Johnson, Modi & The Free Trade Agreement

Yash Dubal of A Y & J Solicitors lends us his expertise in a special guest contributor article for Voice. Dubal draws on his legal expertise to provide an expertise analysis of the free trade agreement between India and The UK.

Johnson, Modi & The Free Trade Agreement

The issue of immigration was one of the key drivers of the Brexit debate. As part of the EU, Great Britain signed up to the policy of free movement of people from the continent across its borders, which led to significant net migration of EU citizens to the UK. For example, according to the Migration Observatory at the University of Oxford, in the year ending 2012 estimated net migration from EU countries into Britain was 193,000, rising to 265,000 in 2014 and 282,000 in 2015 and 2016.

While Remainers tended to see the benefits of a steady flow of labour into the UK, many Leavers did not. Consequently, the Leave campaign made ‘taking back control’ of British borders one of the central planks of its argument. This policy was adopted by the current Conservative administration which made controlled immigration under an Australian-style points-based system (PBS) one of its manifesto pledges.

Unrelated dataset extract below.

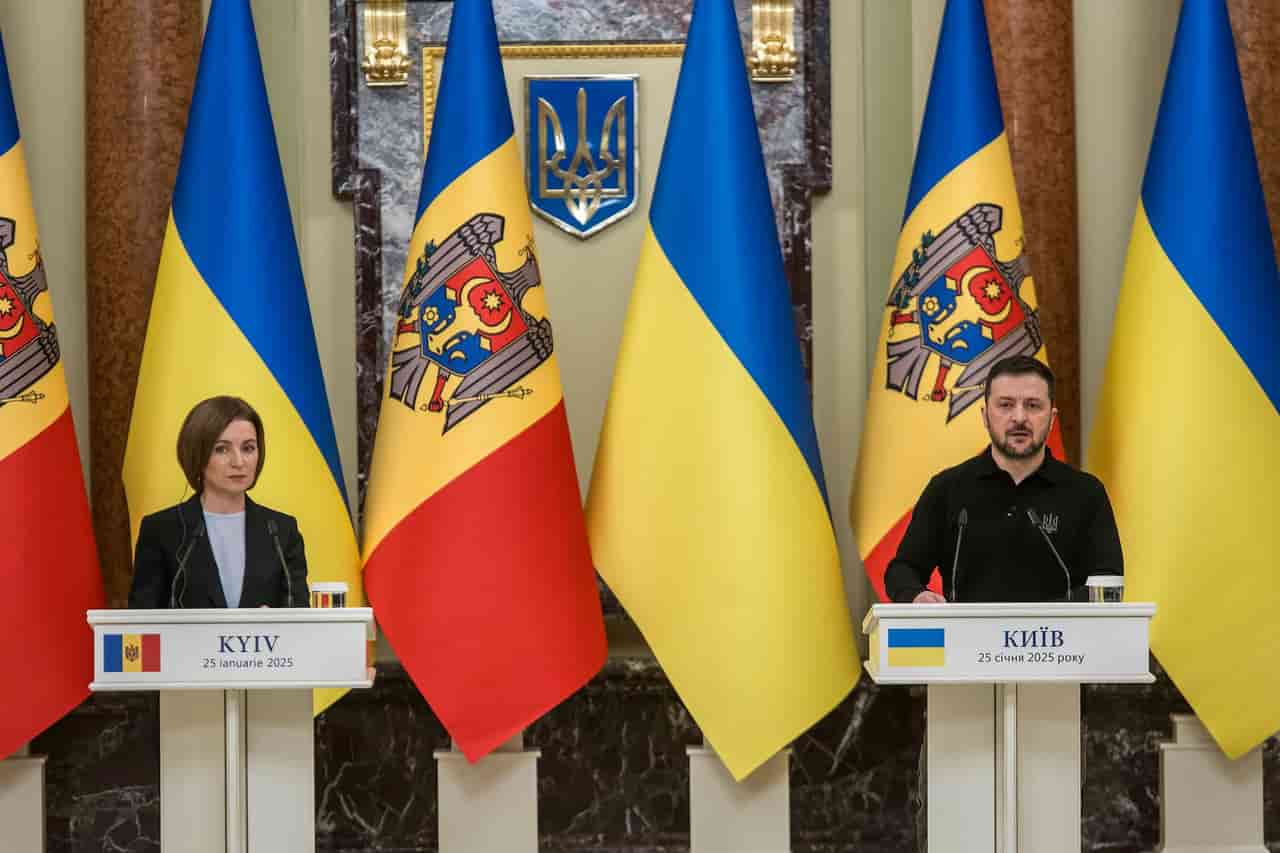 Zelensky visits Moldova amid airspace violations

The PBS was duly implemented last year. But whether it does what the Government promised it would do is hotly debated. Despite talking tough on immigration, in reality the system now in place is more liberal than the Government would like its Brexit voting supporters to believe and while the number of EU migrants has dropped dramatically, the number of non-EU migrants coming to the UK to work and study has soared.

Recent Home Office figures bear this out.  Last year 239,987 work-related visas were granted, which is 25 per cent higher than in 2019, the last full year before the pandemic made international travel and relocation almost impossible. Less than a tenth of these were issued to EU migrants. Nearly 65,000 were for Indian workers, over 10,000 went to Nigerians and the number of workers from Pakistan and Philippines also rose significantly. The number of non-EU foreign students also surged last year, hitting a record high of 416,000, up by more than a half compared with 2019.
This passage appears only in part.